* Data shown:

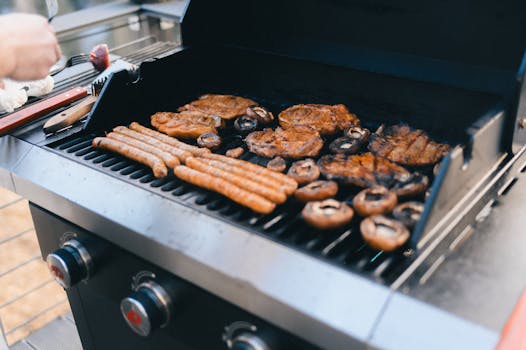 Grilled meat and mushrooms on a barbecue, perfect for a summer cookout.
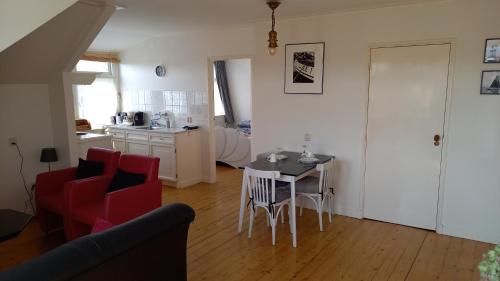 a living room with a table and chairs and a kitchen at hotel 't Doktershus in Lemmer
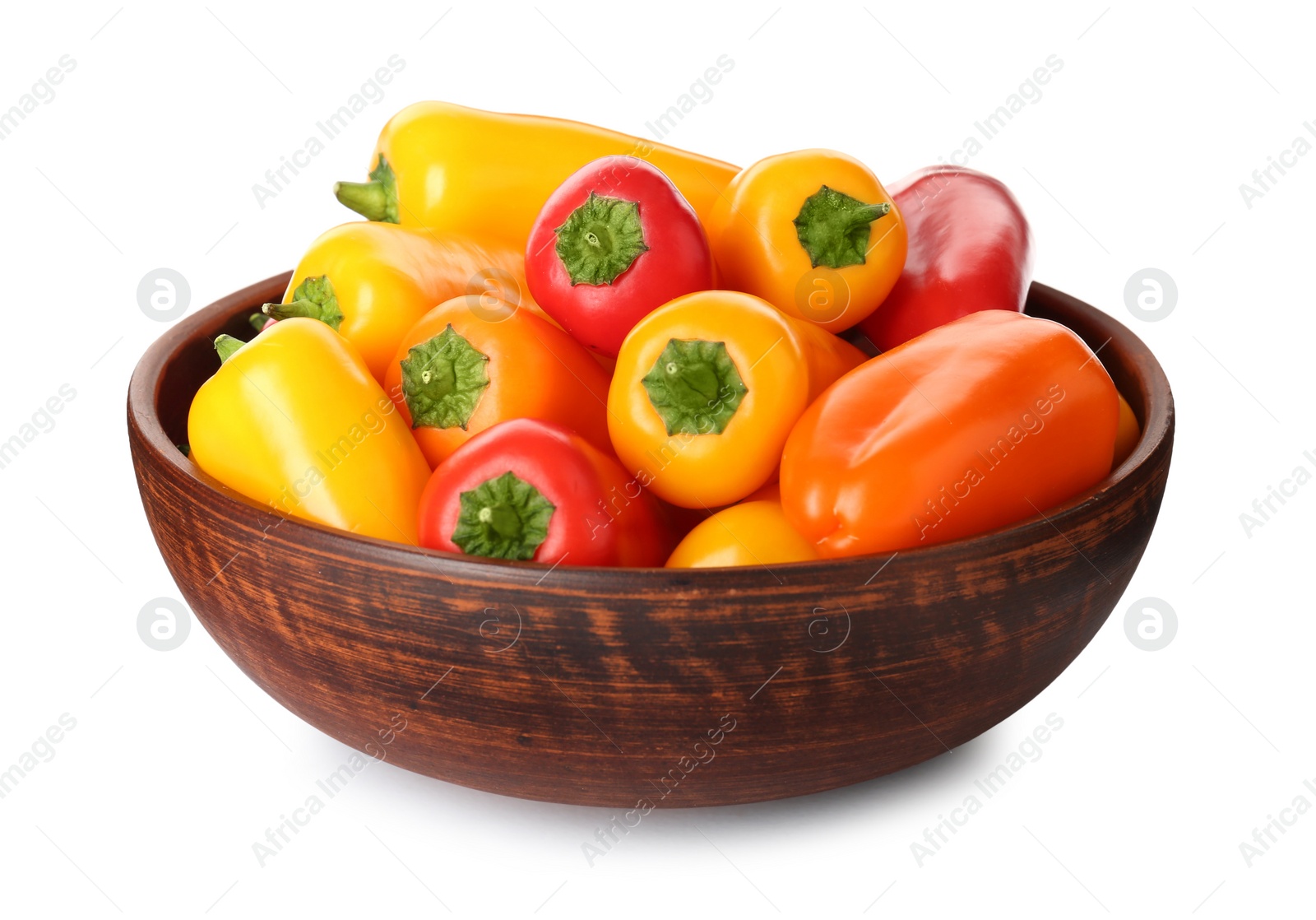 Photo of Bowl of ripe bell peppers isolated on white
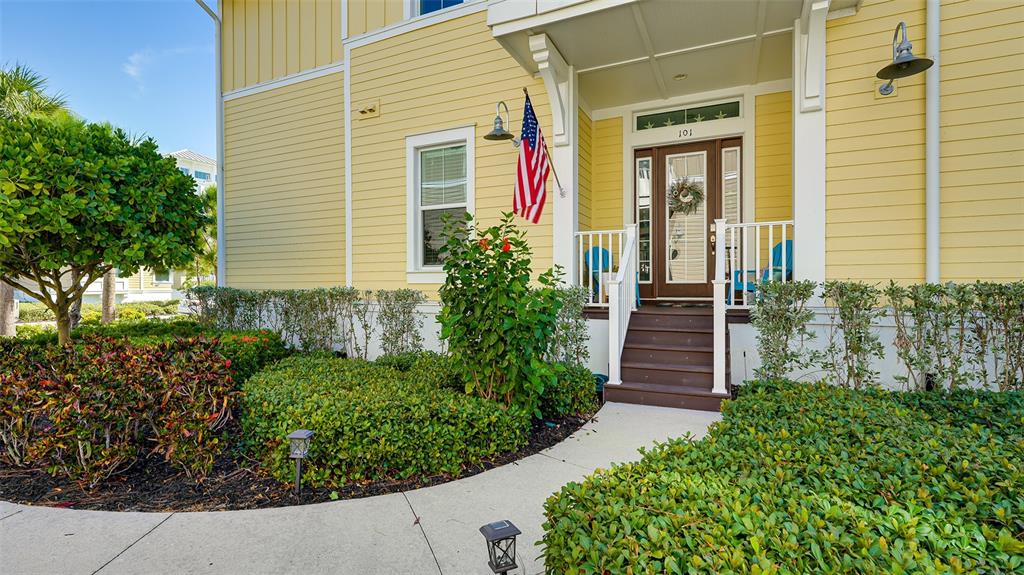 A yellow house with a front porch, American flag, and landscaped yard — 280 SAINT LUCIA DRIVE UNIT 101, BRADENTON, FL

* Your goal: "a living room" marks the first line to copy; copy that line and every line after it through the last line of the listing, exactly and without pictures.

* Output of the task:
 a living room with a table and chairs and a kitchen at hotel 't Doktershus in Lemmer
 Photo of Bowl of ripe bell peppers isolated on white
 A yellow house with a front porch, American flag, and landscaped yard — 280 SAINT LUCIA DRIVE UNIT 101, BRADENTON, FL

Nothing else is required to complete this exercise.